One of the leading application security vulnerabilities, cross-site scripting (XSS), has been consistently found in many corporate applications, regardless of traditional defense techniques, such as input validation and output encoding. Knowing the number of such vulnerabilities in the organization’s applications is only half the issue. To understand the real risk, it is important to know how many of these vulnerable applications actually get attacked on the day to day basis, and which specific instances of vulnerabilities are being exploited. Such information will answer the questions like: is a certain framework being exploited most of the time, because it has not been patched? Or is it an issue in the custom code that has not gone through the security code review process? Content Security Policy (CSP) is a new HTML5 technology that allows organizations not only protect their applications from cross-site scripting, ensure that the content of the site, such as audio, video, images, fonts, is only loaded from approved locations, but also to get reports on every violation of the policy, such as cross-site-scripting attempts.
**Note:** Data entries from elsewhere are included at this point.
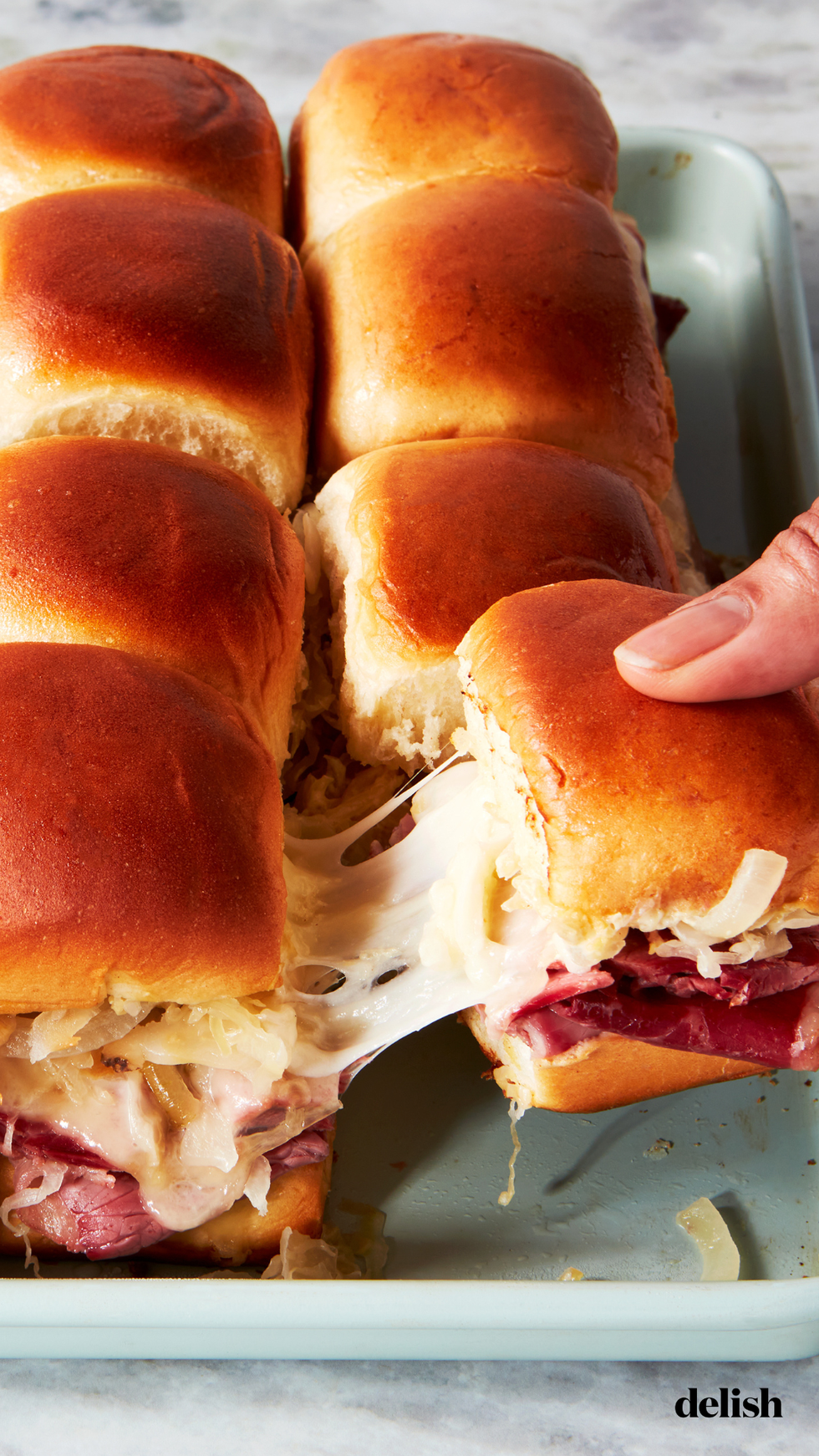 a tray of sliders made with hawaiian rolls, corned beef, sauerkraut, and swiss cheese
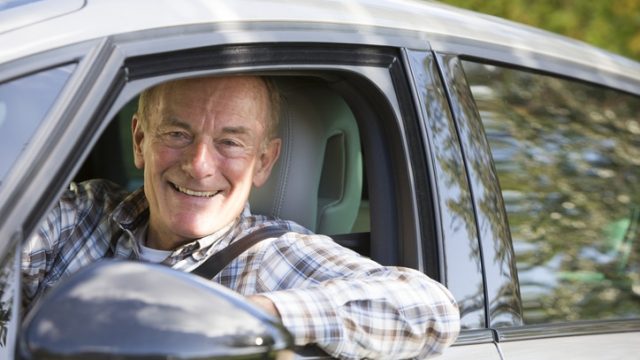 Portrait Of Smiling Senior Man Driving Car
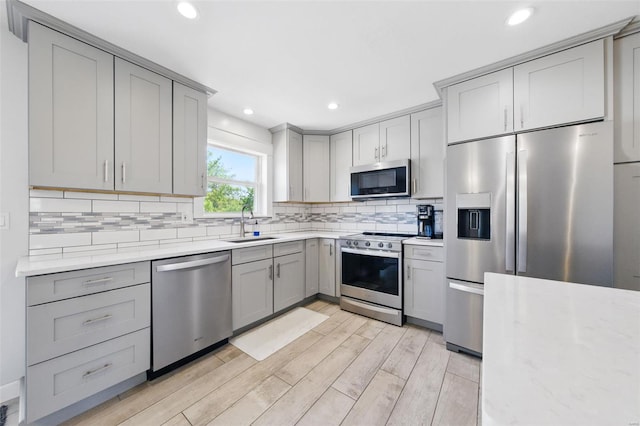 kitchen with tasteful backsplash, a sink, light wood-style flooring, gray cabinetry, and stainless steel appliances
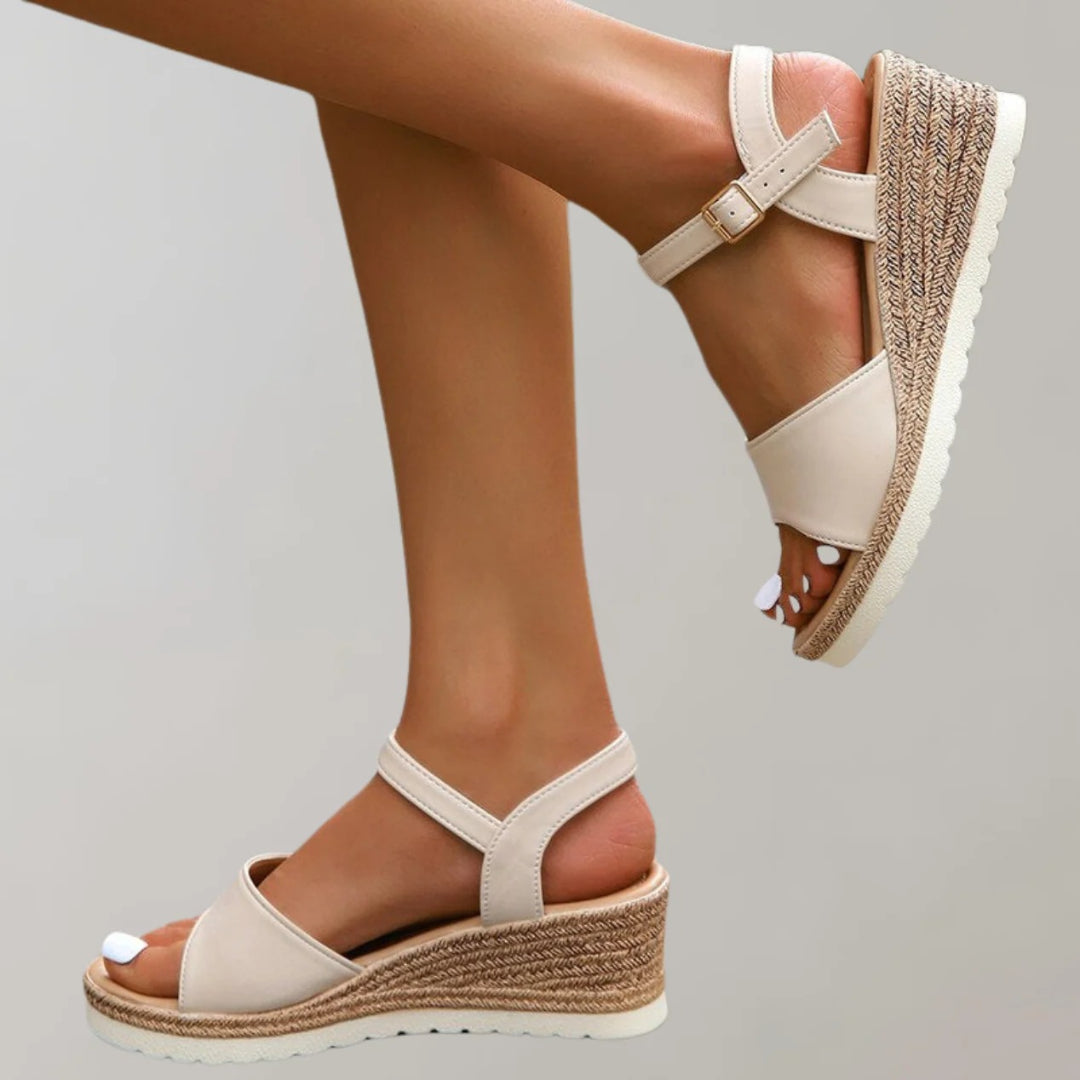 Wedge sandals with an open toe and adjustable strap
This talk will discuss how to best implement Content Security Policy on the organization’s web sites and how to obtain data on the policy violations and attacks. We will first cover the basics of Content Security Policy, how the policy is configured, the possible security issues CSP may have, how it can be applied to an existing application or an application written from scratch. Then we will discuss the reporting mechanism, types of data returned in the violation reports, methods of aggregation, and browser support. At the end, existing report aggregation and analysis tools will be described, together with examples of existing CSP policies implemented by major social media companies.